Minds API Inaccessible

Incident Report for Minds

Postmortem

Date

January 11, 2023

Incident attendees:

Fausto
Zack
Mark

Summary of Issue:

This disruption to service was the result of a large number of requests to the Minds Nostr relay. Due to limitations with the existing architecture, the relay causes quite a bit of strain on the engine in situations like this. Each REQ event supplied to the relay currently entails an HTTP request to the Minds backend in order to retreive post data, which in this case overwhelmed the pods. In order to ensure we can provide the best experience for using Minds on Nostr, we'll briefly be taking the relay offline while we work to address these inefficiencies.

How did this affect end users?

The site would be totally inaccessible as all engine pods were in a failed state.

How was the incident discovered?

Alarm was triggered on API latency and Redis master status.

What steps were taken to resolve the incident?

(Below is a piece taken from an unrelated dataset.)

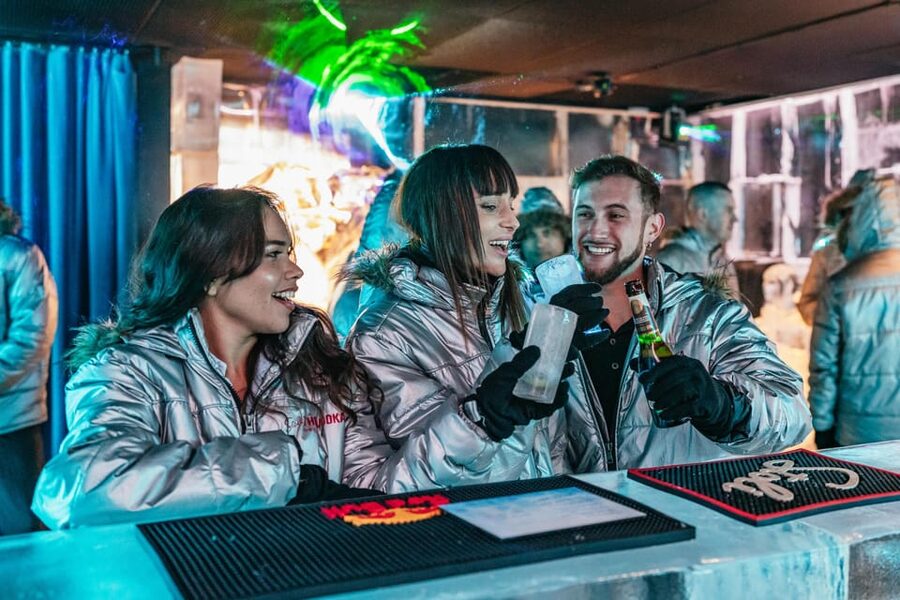 Barcelona: Icebar experience, located at the beach !! - What the 45-minute visit really feels like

Attempted to scale up engine pods to accomodate additional requests from the Minds Nostr relay.
Scaled down Minds Nostr relay to 0 replicas, making it inaccessible.

Issue Timeline (UTC)

[02:10] - Alarms triggered for high production latency.
[02:12] - First response, troubleshooting begins.
[02:20] - Rolled out additional compute to attempt to accomodate additional requests.
[03:20] - Nostr relay scaled down in order to terminate the service.

Root Cause (5 Whys)

Minds Nostr relay receives a high number of requests.
Due to limitations with the current architecture, this places a tremendous strain on the engine (Minds backend).
Eventually the engine is unable to accomodate, and pods begin to fail liveness probes.
As some of our pods begin to fail, the remaining healthy pods become even more stressed and become unable to serve.
Site becomes inaccessible.

Follow up actions

Refactor data architecture for Minds Nostr relay to address existing inefficiencies.
Implement circuit-breakers to prevent downstream dependencies from being able to overwhelm the Minds engine.
Limit message rate for clients on the relay to reduce strain from individual subscriptions.
Improve access logging for easier searchability.
Migrate Kubernetes Ingress for Minds Nostr relay to Traefik IngressRoute for Traefik metrics.
Implement Prometheus metrics for the relay to better track active subscriptions and message rate.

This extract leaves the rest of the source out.